Birdsong analysis: All analyses of learning rates and variability of segment durations were done offline on “catch trials” during which the white noise feedback was turned off for up to 100 song renditions in the morning (AM) and again approximately 8 h later in the evening (PM). The method for obtaining estimates of song segment durations has previously been described19. To calculate learning rates, we computed the change in the target duration from the start to the end of a CAF run (up or down) and divided it by the number of intervening days. We compared both morning and evening catch trials, averaging across them to obtain a more robust estimate of learning rate. We compared variability in interval duration for the same time-period in the day in order to rule out potential circadian effects.
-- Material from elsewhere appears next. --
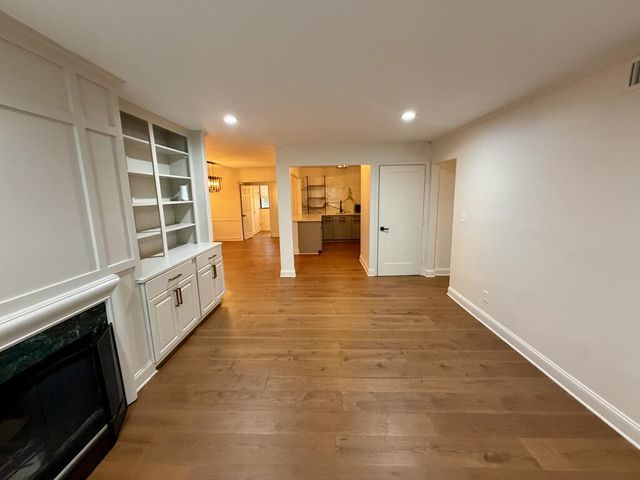 8 NW Cantey Place, Atlanta, GA 30327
To compare the changes in segment durations during CAF to normal baseline drift, we used the same number of days of baseline (before CAF was started) as the number of days of CAF, which for each bird varied between 6–10 days. Note that for all changes in duration (CAF or baseline), they are divided by number of days (ms/day) and not absolute total change. We subtracted the absolute value of this baseline drift from the CAF-induced changes to obtain a better estimate of learning. We did the same for non-target intervals, discarding the signs for each non-target interval change when averaging within a bird to rule out that different signs negated each other, thus masking any potential non-target effects.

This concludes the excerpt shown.